Seanad debates

Monday, 17 May 2021

Affordable Housing Bill 2021: Second Stage

 

10:30 am

Photo of Shane CassellsShane Cassells (Fianna Fail) | Oireachtas source

I welcome the Minister. The sooner we get around to getting this Bill through the House and getting down to the work the better, because as we have seen and as Senator Byrne has just pointed out, we have lost the first quarter of this year with builders not being able to get on site and build, which is what this is all about. I said in so many debates in the previous Dáil that I often wondered who the Opposition thought was going to build the homes. Was it the pixie fairies who were going to come in with magic dust and sprinkle it around the place and homes would sprout like mushrooms? No. It is people involved in the building trade who provide homes. That is a basic tenet.

Many speakers, both for and against this Bill, have stated the Bill cannot be taken on its own. They are so right and nobody is saying otherwise. When it comes to delivering affordable homes, that will happen in many different guises. It will not just be through the measures in this Bill. Funding the Minister delivered at the start of the year through the urban regeneration fund will equally make a mark when it comes to homes in our town centres. Now that inter-county travel restrictions have been lifted, I look forward to welcoming the Minister when he will be doing his John Creedon tour of Ireland. I can bring him down and he can buy me lunch because it is important the Minister sees the variance of what is happening on the ground. There are different scenarios, challenges and opportunities in each of our counties across Ireland, and each of the respective Senators could portray different challenges and weaknesses in each of the areas they represent, and rightly so, and the Minister has to take cognisance of that.

When the Minister comes to Navan he can see the boarded-off site in Rathaldron that has lain unfinished for ten years and which will see 26 new units on it because last month the Minister and the Department allocated €7 million for the county council to acquire that site and build there. We can go on from there down the road to Flower Hill, which has benefited from a total of more than €10 million from two calls of urban regeneration funding. Critically, it will see the largest number of people living in that area in the centre of the town for 50 years. That is because the Department and the county council have acquired one entire side of the street, are demolishing that derelict street and building homes and a community centre in the centre of my town. Imagine that: housing and urban regeneration all in one, a concept that provides homes and regenerates our towns at the same time. I am labouring the point because €500 million that has been announced in urban regeneration and development funding, URDF, this year will accomplish that double goal in towns and cities throughout Ireland.

Yet you would nearly believe there was nothing happening if you were listening to some of the debates in these Houses. I am a great follower of the provincial newspapers and it is funny seeing some political opponents nearly choking on their cornflakes in trying to say the urban regeneration funds are welcome but knowing this could have a huge impact in the towns they represent.
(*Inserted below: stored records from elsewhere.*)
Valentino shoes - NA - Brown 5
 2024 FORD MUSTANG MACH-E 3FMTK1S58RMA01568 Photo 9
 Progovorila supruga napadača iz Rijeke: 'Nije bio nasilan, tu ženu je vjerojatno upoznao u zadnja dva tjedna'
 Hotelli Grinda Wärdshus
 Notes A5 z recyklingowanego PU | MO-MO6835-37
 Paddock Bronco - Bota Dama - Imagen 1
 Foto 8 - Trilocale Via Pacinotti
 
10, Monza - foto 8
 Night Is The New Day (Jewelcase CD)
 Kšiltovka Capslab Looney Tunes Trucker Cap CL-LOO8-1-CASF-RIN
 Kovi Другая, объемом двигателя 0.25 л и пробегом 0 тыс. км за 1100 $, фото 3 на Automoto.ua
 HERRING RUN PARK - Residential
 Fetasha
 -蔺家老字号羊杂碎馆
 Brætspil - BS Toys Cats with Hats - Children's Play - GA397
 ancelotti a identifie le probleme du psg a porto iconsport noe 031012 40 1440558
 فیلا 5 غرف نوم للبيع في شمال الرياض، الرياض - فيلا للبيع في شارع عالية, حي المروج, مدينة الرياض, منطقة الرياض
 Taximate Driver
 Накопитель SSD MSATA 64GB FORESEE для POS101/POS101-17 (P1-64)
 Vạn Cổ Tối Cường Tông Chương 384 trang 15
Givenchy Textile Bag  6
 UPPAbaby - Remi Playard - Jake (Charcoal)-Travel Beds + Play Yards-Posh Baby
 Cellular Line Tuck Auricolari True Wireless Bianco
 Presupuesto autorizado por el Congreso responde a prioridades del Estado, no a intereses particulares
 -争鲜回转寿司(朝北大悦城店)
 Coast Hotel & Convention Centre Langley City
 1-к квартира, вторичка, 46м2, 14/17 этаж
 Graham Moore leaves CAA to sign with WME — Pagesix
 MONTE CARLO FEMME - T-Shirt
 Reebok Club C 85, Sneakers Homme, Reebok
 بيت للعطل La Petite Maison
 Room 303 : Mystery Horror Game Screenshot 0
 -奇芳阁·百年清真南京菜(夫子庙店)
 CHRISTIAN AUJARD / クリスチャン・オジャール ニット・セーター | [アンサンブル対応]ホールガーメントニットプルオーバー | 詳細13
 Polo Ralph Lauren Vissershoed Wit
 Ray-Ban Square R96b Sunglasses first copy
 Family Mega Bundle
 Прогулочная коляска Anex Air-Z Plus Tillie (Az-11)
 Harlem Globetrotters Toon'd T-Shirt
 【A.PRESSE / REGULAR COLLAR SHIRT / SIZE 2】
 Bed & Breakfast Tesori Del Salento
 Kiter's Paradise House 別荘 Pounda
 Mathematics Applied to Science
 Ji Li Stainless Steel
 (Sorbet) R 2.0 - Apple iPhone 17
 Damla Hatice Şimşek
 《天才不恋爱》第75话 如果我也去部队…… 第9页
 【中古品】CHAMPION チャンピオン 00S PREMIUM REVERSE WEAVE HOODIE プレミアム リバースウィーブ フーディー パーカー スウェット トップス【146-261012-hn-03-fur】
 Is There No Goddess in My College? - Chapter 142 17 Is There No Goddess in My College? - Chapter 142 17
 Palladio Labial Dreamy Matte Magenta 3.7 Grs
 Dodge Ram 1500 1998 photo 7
That is because one of the biggest challenges we face is acquiring land, and through these funding initiatives we can acquire public land, regenerate areas that have lain derelict for decades and get people back living in the middle of towns. That is crucial because one of the biggest issues we all face in new residential areas is the lack of facilities. This is a concept where we are getting people beside retail, schools, sporting facilities and giving them a chance of quality of living. The Bill the Minister has in his possession is a body of work that will have a huge impact in rebalancing the housing market in favour of the first-time buyer who is trying to get on the property ladder.

A lot of ideological political opinion has been offered in this debate. That is fine, I respect that and I have no interest in trying to convince people otherwise. I would ask, however, that when we have the various schemes in place and when we see the benefits for constituents in their areas, perhaps Members might come into the House and acknowledge it. Mark my words, there are thousands of people who are just waiting to see the green light for the shared equity scheme to benefit from it. The expansion of the Part V scheme and seeing affordability as part of that is massive and that section alone will deliver 3,500 social and affordable homes per annum. We should never have had the buy-out clause for councils in the first place in its original form and I am glad to see this measure being introduced. What is most depressing is Members of the Oireachtas coming into the Seanad and the Dáil and hoping the scheme will fail. What a sad existence it is to be hoping something will fail at a time when an issue such as this should unite us, but Members like to use this and create further division. There is enough division in this country.

I spent four years working closely with the Minister in the term of the last Dáil and I know his political beliefs are driven by the belief in affordability and that people should get the opportunity to purchase an affordable home. That goes to the Minister's core and I know this Bill will make a huge difference in that respect and critically change people's lives. I commend the Minister and this Bill. Please God we will get to see this moving very soon. Well done.